### What to produce
The lines needed are those from the start of the records through the line holding "Caribbean 35", each copied exactly.
┄┄┄┄┄┄┄┄┄┄
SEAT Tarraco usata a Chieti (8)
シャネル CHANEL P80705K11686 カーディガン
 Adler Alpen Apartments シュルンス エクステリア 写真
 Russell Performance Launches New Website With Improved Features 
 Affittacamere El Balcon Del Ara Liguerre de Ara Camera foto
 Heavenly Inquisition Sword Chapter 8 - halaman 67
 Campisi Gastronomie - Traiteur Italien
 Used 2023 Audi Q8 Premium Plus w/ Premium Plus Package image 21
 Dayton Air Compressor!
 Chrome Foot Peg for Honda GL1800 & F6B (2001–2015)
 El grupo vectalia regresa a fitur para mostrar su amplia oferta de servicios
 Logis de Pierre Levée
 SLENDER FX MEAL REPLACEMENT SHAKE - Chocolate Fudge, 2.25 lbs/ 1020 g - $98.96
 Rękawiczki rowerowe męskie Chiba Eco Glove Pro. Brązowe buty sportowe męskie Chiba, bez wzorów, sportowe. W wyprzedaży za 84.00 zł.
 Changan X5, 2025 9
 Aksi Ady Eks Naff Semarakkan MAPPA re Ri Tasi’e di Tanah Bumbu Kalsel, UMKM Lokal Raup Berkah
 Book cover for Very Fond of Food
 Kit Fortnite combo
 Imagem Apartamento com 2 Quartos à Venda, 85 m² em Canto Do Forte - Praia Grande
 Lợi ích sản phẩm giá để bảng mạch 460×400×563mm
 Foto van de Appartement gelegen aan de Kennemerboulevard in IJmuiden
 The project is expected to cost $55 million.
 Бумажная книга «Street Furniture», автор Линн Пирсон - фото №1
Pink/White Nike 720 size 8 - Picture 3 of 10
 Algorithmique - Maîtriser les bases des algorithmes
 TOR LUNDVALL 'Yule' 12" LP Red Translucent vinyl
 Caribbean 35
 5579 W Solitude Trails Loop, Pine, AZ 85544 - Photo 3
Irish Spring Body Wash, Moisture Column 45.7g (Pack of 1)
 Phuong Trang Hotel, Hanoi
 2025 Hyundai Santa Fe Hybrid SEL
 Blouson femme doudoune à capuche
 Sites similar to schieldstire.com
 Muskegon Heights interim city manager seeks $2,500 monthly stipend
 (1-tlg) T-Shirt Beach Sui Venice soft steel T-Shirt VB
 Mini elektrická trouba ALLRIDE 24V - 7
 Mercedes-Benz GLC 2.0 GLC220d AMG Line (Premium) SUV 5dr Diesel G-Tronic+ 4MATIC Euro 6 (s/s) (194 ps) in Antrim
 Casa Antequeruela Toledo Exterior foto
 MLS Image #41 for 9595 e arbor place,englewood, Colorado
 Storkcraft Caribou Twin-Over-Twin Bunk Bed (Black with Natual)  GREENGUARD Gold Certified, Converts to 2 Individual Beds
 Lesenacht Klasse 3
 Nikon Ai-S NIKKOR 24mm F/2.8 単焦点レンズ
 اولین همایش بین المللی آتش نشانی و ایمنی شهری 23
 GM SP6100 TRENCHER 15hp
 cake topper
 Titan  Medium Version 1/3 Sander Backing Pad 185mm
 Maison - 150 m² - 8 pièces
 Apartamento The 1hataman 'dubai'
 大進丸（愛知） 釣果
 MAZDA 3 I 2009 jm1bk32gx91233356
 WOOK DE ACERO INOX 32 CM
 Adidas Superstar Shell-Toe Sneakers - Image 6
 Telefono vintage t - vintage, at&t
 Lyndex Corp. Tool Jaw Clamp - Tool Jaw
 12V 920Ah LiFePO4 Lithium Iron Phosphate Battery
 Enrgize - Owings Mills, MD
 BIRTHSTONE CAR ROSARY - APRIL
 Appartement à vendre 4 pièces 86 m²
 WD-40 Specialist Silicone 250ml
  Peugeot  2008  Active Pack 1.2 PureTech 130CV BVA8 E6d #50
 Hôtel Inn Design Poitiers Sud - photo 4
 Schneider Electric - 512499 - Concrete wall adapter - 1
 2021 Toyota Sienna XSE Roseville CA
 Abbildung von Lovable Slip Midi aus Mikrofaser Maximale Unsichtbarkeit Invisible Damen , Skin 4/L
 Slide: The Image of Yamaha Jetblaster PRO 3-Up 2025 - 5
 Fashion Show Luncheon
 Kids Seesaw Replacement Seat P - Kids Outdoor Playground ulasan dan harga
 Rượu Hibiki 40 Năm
┄┄┄┄┄┄┄┄┄┄
### Result of the task
SEAT Tarraco usata a Chieti (8)
シャネル CHANEL P80705K11686 カーディガン
 Adler Alpen Apartments シュルンス エクステリア 写真
 Russell Performance Launches New Website With Improved Features 
 Affittacamere El Balcon Del Ara Liguerre de Ara Camera foto
 Heavenly Inquisition Sword Chapter 8 - halaman 67
 Campisi Gastronomie - Traiteur Italien
 Used 2023 Audi Q8 Premium Plus w/ Premium Plus Package image 21
 Dayton Air Compressor!
 Chrome Foot Peg for Honda GL1800 & F6B (2001–2015)
 El grupo vectalia regresa a fitur para mostrar su amplia oferta de servicios
 Logis de Pierre Levée
 SLENDER FX MEAL REPLACEMENT SHAKE - Chocolate Fudge, 2.25 lbs/ 1020 g - $98.96
 Rękawiczki rowerowe męskie Chiba Eco Glove Pro. Brązowe buty sportowe męskie Chiba, bez wzorów, sportowe. W wyprzedaży za 84.00 zł.
 Changan X5, 2025 9
 Aksi Ady Eks Naff Semarakkan MAPPA re Ri Tasi’e di Tanah Bumbu Kalsel, UMKM Lokal Raup Berkah
 Book cover for Very Fond of Food
 Kit Fortnite combo
 Imagem Apartamento com 2 Quartos à Venda, 85 m² em Canto Do Forte - Praia Grande
 Lợi ích sản phẩm giá để bảng mạch 460×400×563mm
 Foto van de Appartement gelegen aan de Kennemerboulevard in IJmuiden
 The project is expected to cost $55 million.
 Бумажная книга «Street Furniture», автор Линн Пирсон - фото №1
Pink/White Nike 720 size 8 - Picture 3 of 10
 Algorithmique - Maîtriser les bases des algorithmes
 TOR LUNDVALL 'Yule' 12" LP Red Translucent vinyl
 Caribbean 35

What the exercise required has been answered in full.